**Data provided**:
# # # # # # #

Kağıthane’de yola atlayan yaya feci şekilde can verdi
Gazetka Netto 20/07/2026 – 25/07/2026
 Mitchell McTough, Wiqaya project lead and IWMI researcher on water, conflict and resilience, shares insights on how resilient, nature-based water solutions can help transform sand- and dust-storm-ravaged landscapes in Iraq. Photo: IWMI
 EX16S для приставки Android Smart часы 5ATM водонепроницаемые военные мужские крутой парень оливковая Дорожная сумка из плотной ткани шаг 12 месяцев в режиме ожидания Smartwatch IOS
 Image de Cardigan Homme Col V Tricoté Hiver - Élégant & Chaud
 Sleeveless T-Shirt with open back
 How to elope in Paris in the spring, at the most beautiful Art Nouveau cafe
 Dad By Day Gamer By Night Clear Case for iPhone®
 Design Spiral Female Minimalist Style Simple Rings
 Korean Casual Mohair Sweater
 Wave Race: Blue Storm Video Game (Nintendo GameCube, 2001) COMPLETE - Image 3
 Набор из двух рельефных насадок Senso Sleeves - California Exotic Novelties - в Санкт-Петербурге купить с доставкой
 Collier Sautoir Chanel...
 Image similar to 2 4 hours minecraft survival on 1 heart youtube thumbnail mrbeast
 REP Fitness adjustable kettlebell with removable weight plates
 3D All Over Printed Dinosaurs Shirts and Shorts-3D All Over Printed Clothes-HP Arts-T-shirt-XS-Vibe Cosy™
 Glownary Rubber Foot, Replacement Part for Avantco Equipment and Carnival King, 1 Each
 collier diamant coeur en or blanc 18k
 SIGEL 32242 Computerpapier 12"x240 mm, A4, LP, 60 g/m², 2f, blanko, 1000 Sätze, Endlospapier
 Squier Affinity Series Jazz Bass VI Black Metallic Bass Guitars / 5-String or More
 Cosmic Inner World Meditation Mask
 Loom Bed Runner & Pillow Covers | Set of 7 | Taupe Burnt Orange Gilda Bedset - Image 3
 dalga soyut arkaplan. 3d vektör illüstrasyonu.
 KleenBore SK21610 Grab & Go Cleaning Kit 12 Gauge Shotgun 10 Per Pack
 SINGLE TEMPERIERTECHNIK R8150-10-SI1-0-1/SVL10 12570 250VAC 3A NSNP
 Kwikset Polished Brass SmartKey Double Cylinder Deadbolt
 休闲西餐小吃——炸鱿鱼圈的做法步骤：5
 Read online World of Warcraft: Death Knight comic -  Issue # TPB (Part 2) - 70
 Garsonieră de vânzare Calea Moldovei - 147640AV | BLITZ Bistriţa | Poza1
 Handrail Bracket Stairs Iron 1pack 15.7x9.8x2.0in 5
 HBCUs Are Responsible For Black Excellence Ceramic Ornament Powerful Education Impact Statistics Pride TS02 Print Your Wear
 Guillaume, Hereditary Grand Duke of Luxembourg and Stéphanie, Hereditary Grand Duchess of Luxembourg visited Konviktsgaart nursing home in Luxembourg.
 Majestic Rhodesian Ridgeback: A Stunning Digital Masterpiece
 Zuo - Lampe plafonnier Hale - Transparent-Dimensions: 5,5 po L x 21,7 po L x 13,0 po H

# # # # # # #

**Task prompt**: Go through the records from the first line and copy each one exactly, ending after the line that contains "Image similar to". Give nothing else.

**Exercise output**:
Kağıthane’de yola atlayan yaya feci şekilde can verdi
Gazetka Netto 20/07/2026 – 25/07/2026
 Mitchell McTough, Wiqaya project lead and IWMI researcher on water, conflict and resilience, shares insights on how resilient, nature-based water solutions can help transform sand- and dust-storm-ravaged landscapes in Iraq. Photo: IWMI
 EX16S для приставки Android Smart часы 5ATM водонепроницаемые военные мужские крутой парень оливковая Дорожная сумка из плотной ткани шаг 12 месяцев в режиме ожидания Smartwatch IOS
 Image de Cardigan Homme Col V Tricoté Hiver - Élégant & Chaud
 Sleeveless T-Shirt with open back
 How to elope in Paris in the spring, at the most beautiful Art Nouveau cafe
 Dad By Day Gamer By Night Clear Case for iPhone®
 Design Spiral Female Minimalist Style Simple Rings
 Korean Casual Mohair Sweater
 Wave Race: Blue Storm Video Game (Nintendo GameCube, 2001) COMPLETE - Image 3
 Набор из двух рельефных насадок Senso Sleeves - California Exotic Novelties - в Санкт-Петербурге купить с доставкой
 Collier Sautoir Chanel...
 Image similar to 2 4 hours minecraft survival on 1 heart youtube thumbnail mrbeast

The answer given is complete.